Czech Human Rights Minister wants Lety concentration camp memorial administered by Museum of Romani Culture, relative of victims disagrees
Czech Minister for Human Rights, Equal Opportunities and Legislation Jan Chvojka declared on the occasion of a ceremony to commemorate the victims of the Romani Holocaust held on Tuesday, 7 March at the Museum of Romani Culture in Brno that he intends for that particular Museum to administer the memorial to the victims of the Romani Holocaust at Lety u Písku instead of the current administrator, the Lidice Memorial. "The minister will advocate for administration of the memorial at Lety to fall under the Museum of Romani Culture," the minister's press spokesperson, Michal Kačírek, confirmed to news server Romea.cz on 9 March.
"The minister is convinced that a Romani remembrance site should be administered by organizations that focus on Romani history. The Czech Culture Ministry is of the same opinion and has promised maximum assistance," the spokesperson said.
Previously the Government had decided to transfer the administration of the Romani Holocaust Memorial at Hodonín u Kunštátu to the Museum of Romani Culture as well. "Agreement has been reached about that, so the minister will submit to the Government, by the end of May, material proposing transferring administration of the Romani Holocaust Memorial at Hodonín u Kunštátu to the Museum of Romani Culture," Kačírek said.
The memorial at Lety u Písku will be handled the same way. "The ministry will take all the necessary steps to facilitate the building of a dignified memorial there that will then be administered by the Museum of Romani Culture," the spokesperson said.
Since it was first established in 1991, the Museum of Romani Culture, which is now a state-funded organization, has been involved in documenting and researching the concentration camps. Jana Horváthová, the director, said she did not have any more information about the Government's intentions.
"Our establisher, the Culture Ministry, sent us a brief written report at the end of last year about the planned transfer of the Lety Cultural Monument to our institution during this year. We have not yet been informed that any actual steps have been taken to transfer it," she told news server Romea.cz.

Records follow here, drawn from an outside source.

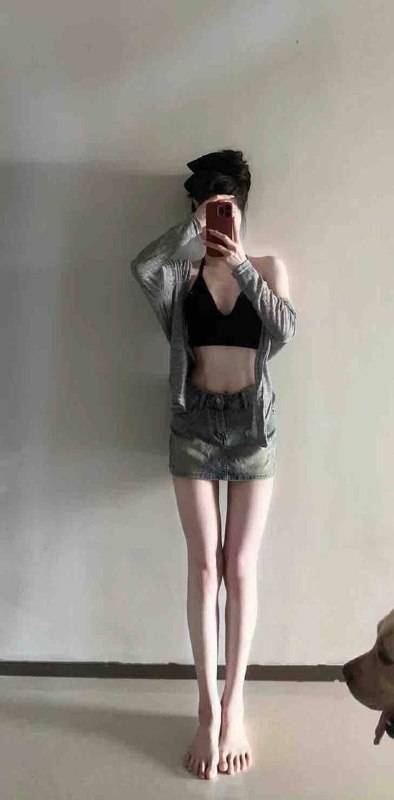 广州 哈森家 蜜桃·马甲线天河区  04年，174D 学生兼职，上下粉色，皮肤巨白气质。爱健身，普拉提。马甲线。不✌#天河区#马甲线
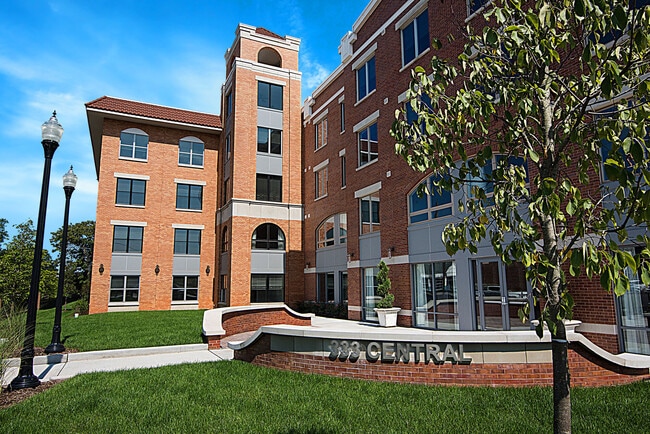 333 Central apartments — community photo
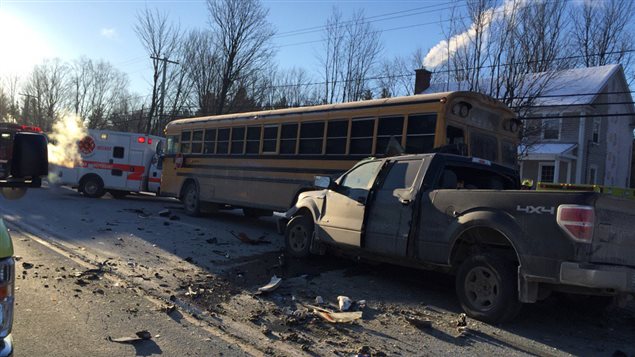 Accident impliquant un autobus scolaire à Cookshire-Eaton Accident impliquant un autobus scolaire à Cookshire-Eaton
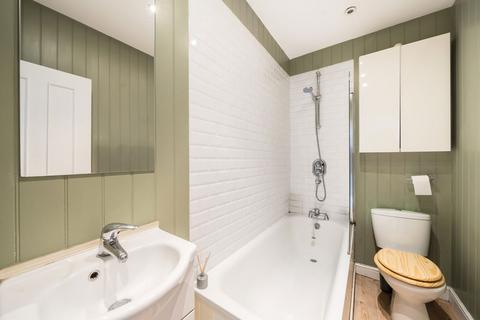 Flat B, 37 Tunstall Road, London, SW9 8BZ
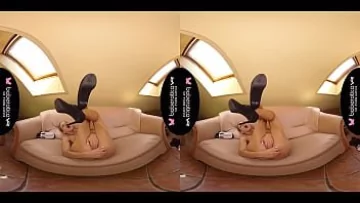 Play Pozitii foarte intense si masturbari foarte intense pe o fata blonda fata cu sanii mari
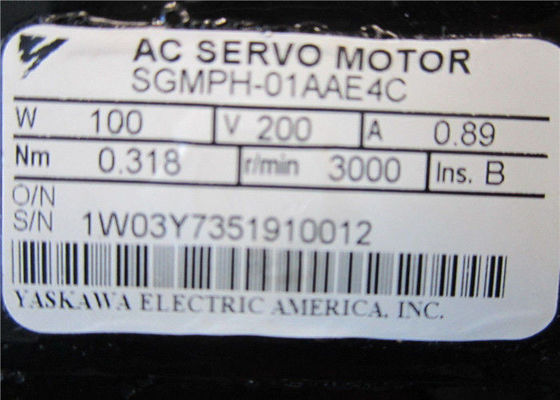 SGMPH-01AAE4Cの産業サーボ モーターYaskawa 100W 200V 0.89A ACサーボ モーターC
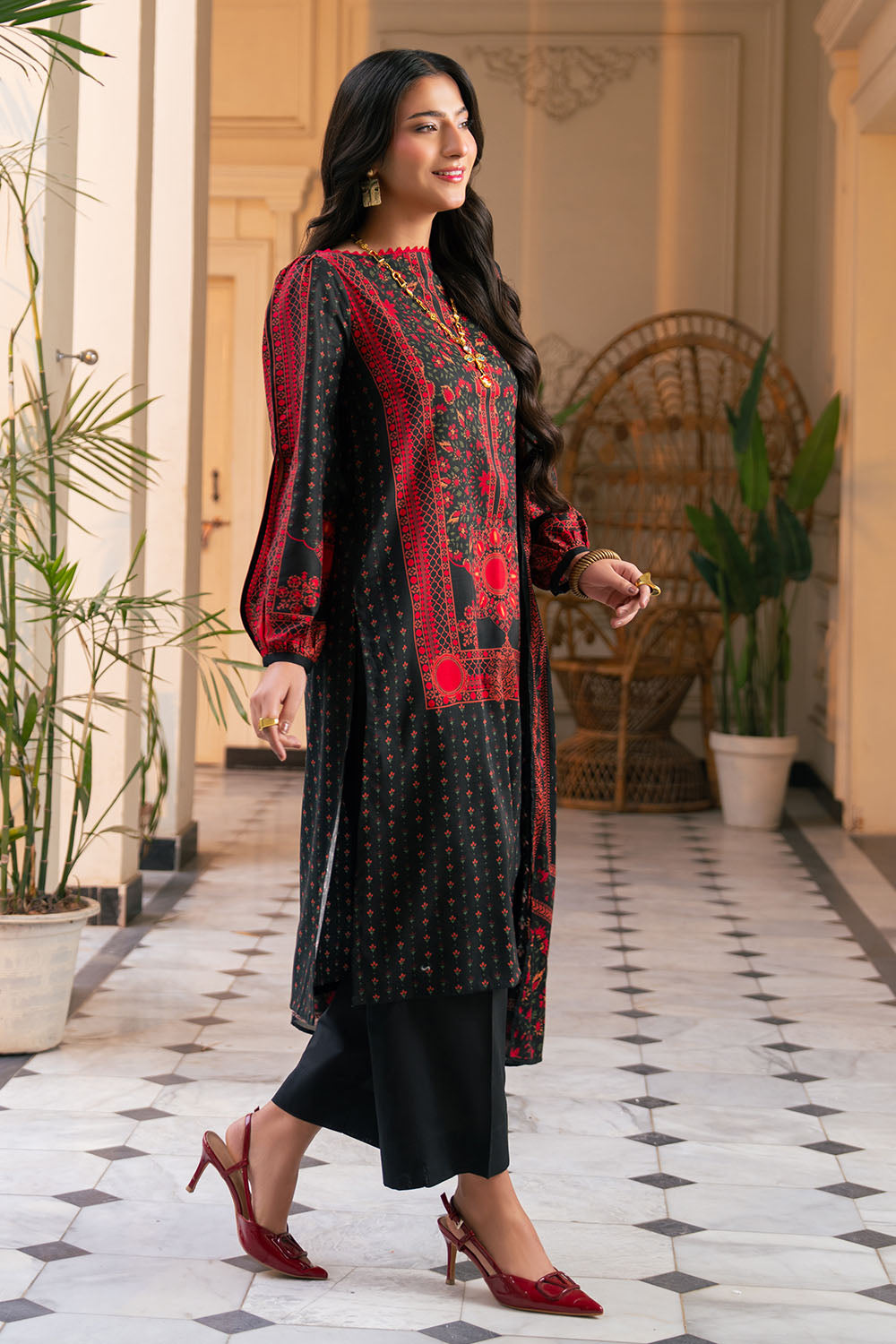 Gul Ahmed | Botanical 26' - 3 Piece Printed Lawn | CH-62011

Čeněk Růžička disagrees with the transfer of the administration of the memorial at Lety to the museum
The chair of the Committee for the Redress of the Romani Holocaust (VPORH), Čeněk Růžička, disagrees with the administration of the Lety Memorial being transferred from its current administrator, the Lidice Memorial, to the Museum of Romani Culture. "I disagree in principle with how the Culture Ministry has decided to facilitate the transfer of the memorial at Lety for administration by the Museum of Romani Culture," he told news server Romea.cz.
"Naturally I have known about that decision for quite some time and I have personally appealed, more than once, for the administration of the memorial to be assigned elsewhere," Růžička said. One reason he is opposed to the transfer is a statement made by Horváthová in which she expressed the idea that the money it would cost to buy the industrial pig farm currently located on the site of the former camp at Lety in order to close it down and remove it would be better spent on educating Romani children.
Růžička observed to news server Romea.cz that when the director of the Museum of Romani Culture expressed that opinion, it negatively influenced politicians' attitudes about taking action to remove the industrial pig farm from the genocide site. He also told Romea.cz that he is (and always has been) convinced that "both the problem of educating Romani children and the removal of the pig farm from Lety deserve the state's utmost attention and should be addressed independently of each other, which, thank God, is already tentatively underway."
The camp at Lety was originally established as a disciplinary labor camp. It was transformed by the Nazi Protectorate administration in August 1942 into a "Gypsy" camp.
As of May 1943 a total of 1 308 Romani people had passed through the camp at Lety, 327 of whom perished there, and more than 500 of whom were sent to Auschwitz, where most were murdered. Less than 600 Romani prisoners from the territory of the Protectorate of Bohemia and Moravia survived the concentration camps to return after the war.
The Nazis murdered an estimated 90 % of the Romani people living in Bohemia and Moravia. The current remembrance site at Lety is located adjacent to the industrial pig farm that still stands on the site of the former camp.